A l'époque où le progrès de la société ne peut plus s'envisager qu'à l'échelle des continents, sinon de la planète tout entière, par le développement des échanges de toutes sortes, c'est aberrant, à tout point de vue, de voir des mouvements micro-nationalistes proposer de dresser de nouvelles barrières entre les peuples.

Mais c'est surtout le système social qui a donné naissance à de tels mouvements qui est aberrant. Car c'est aussi une marque de la faillite et du pourrissement du capitalisme à notre époque. II y a quelques siècles, les bourgeoisies se sont taillé des États nationaux. Mais à l'époque avec ceux-ci, face à l'éparpillement féodal, il s'agissait toujours de rassembler, pas d'émietter. Et ce qui était progressif alors n'est plus que réactionnaire aujourd'hui.

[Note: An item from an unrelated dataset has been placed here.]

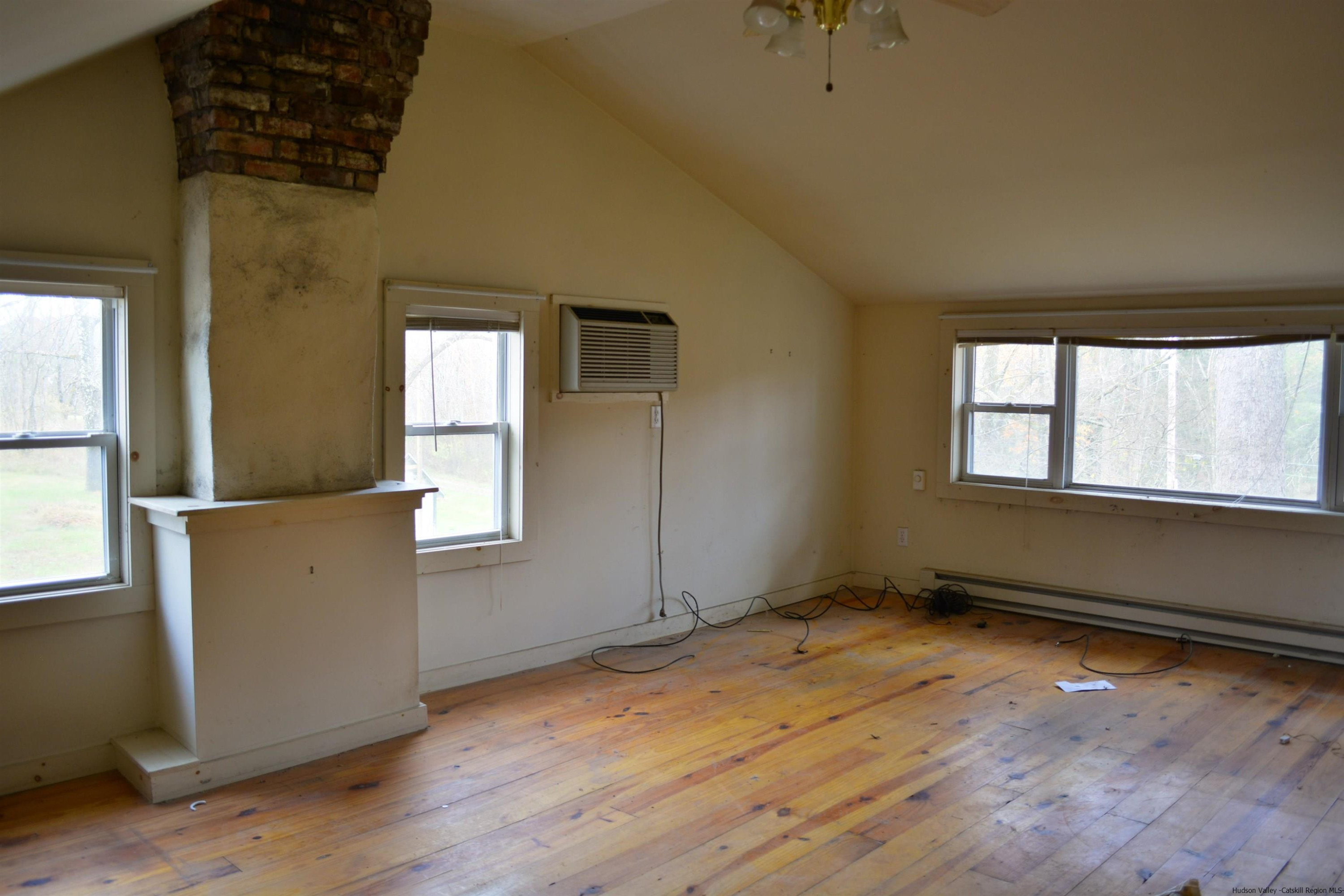 345 Towpath Road Accord, NY 12404 - Photo 29 of 35 an empty room with wooden floor and windows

Les opprimés, les exploités, classes, peuples ou communautés diverses, n'ont évidemment aucune raison d'accepter leur sort et pour cela ils devront sans doute recourir à la violence. Mais leur intérêt est de faire naître une autre société, la société socialiste, et non de bouger un peu les poteaux frontière du monde capitaliste ou d'en rajouter encore. Le socialisme seul peut sortir la planète du marasme. Et dans le même temps c'est aussi le socialisme seul qui pourrait permettre aux régions abandonnées par l'évolution historique l'accès à toutes les richesses produites. Paradoxalement ce n'est qu'une telle société, sans États nationaux, sans frontières, et sans nationalismes, qui offrirait à toutes les nations, à tous les peuples, petits ou grands, à toutes les cultures, à tous les particularismes, les moyens de s'épanouir.